The Bar Council has two key areas of concern that will be considered by the ongoing Post Office inquiry.

First, before Horizon, the IT system developed by Fujitsu for tasks including accounting and stocktaking, the Post Office was bringing a handful of prosecutions per year. Once Horizon was implemented in 1999, the number of prosecutions shot up to 50-80 a year. This stark difference ought to have given any prosecuting authority pause for thought.

Our second concern relates to the questions that arise from the ability of the Post Office to prosecute when it believed it was the victim of criminal behaviour by what it assumed were dishonest postmasters and postmistresses. It is inevitable that those bringing private prosecutions have some sort of a vested interest in the cases brought. The CPS itself was created in 1986 in part to curtail the ability of the police to decide to bring prosecutions for serious crimes, and this separated those who were making the decision to prosecute from those working on, and personally invested in, the investigation. This removed a conflict of interest.

In our response to the House of Commons home affairs committee inquiry on fraud last year, we said there should be a safeguard to require all private prosecutors to inform the defendant of their right to request the director of public prosecutions, as the head of the CPS, take over a prosecution.

The parliamentary justice committee issued recommendations three years ago on proposed safeguards in relation to private prosecutions, but not all the measures were accepted, including provision for inspection of all bodies that conduct private prosecutions, a code of standards for all private prosecutors and investigators, as well as the creation of a power to strip an organisation of its power to conduct private prosecutions. It is clear that these should now be revisited. At the very least, parliament should carefully consider introducing enhanced oversight, and possibly formal regulation, to help to ensure the power to prosecute is not abused.
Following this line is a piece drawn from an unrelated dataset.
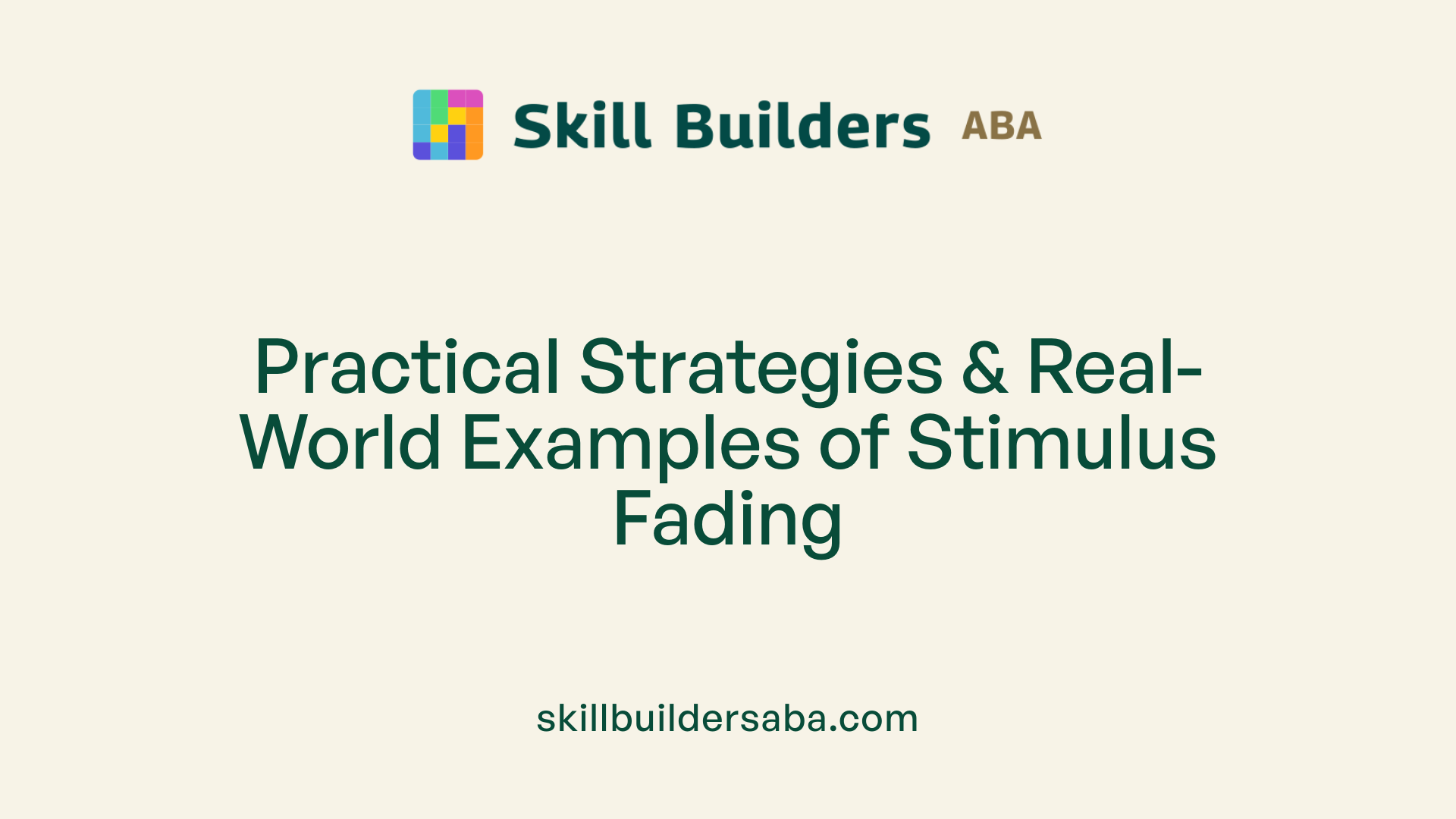 Practical Strategies &amp; Real-World Examples of Stimulus Fading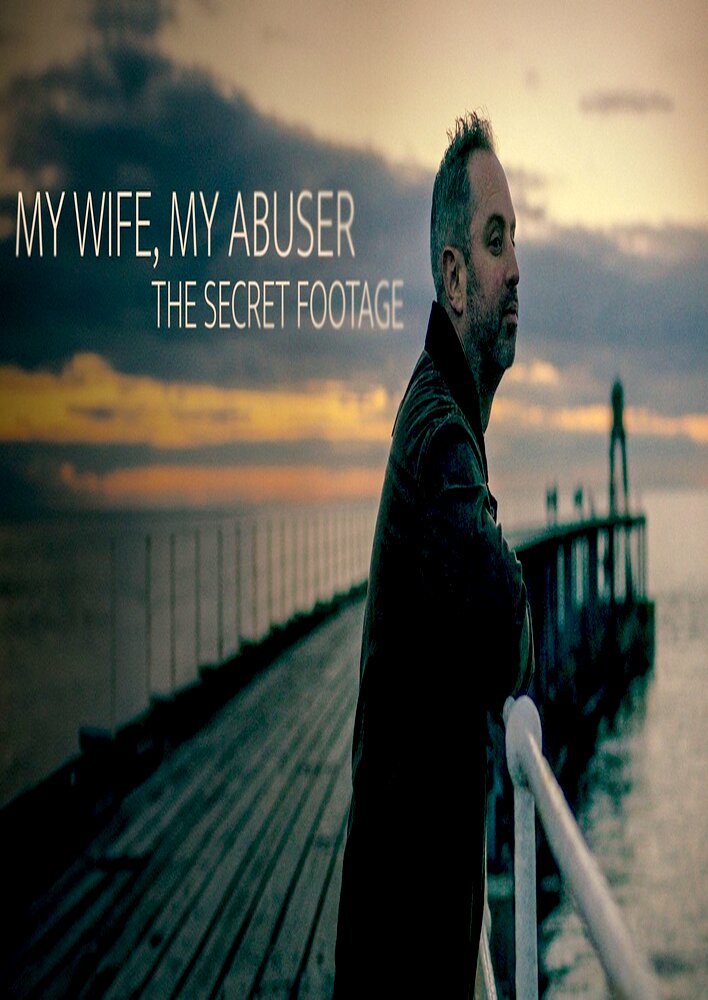 My Wife, My Abuser: The Secret Footage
The Horizon scandal has highlighted the urgent need to repair confidence in the justice system and the vital importance of fairness and access to legal advice and representation. It is important to understand how and why the justice system did not work in the case of over 900 victims of this miscarriage of justice and that will, of course, also include the role played by lawyers. There has been some excellent legal work carried out, but some lawyers will face heavy criticism when the inquiry makes its findings. There could be systemic problems identified and the Bar Council will play its part to ensure they are addressed.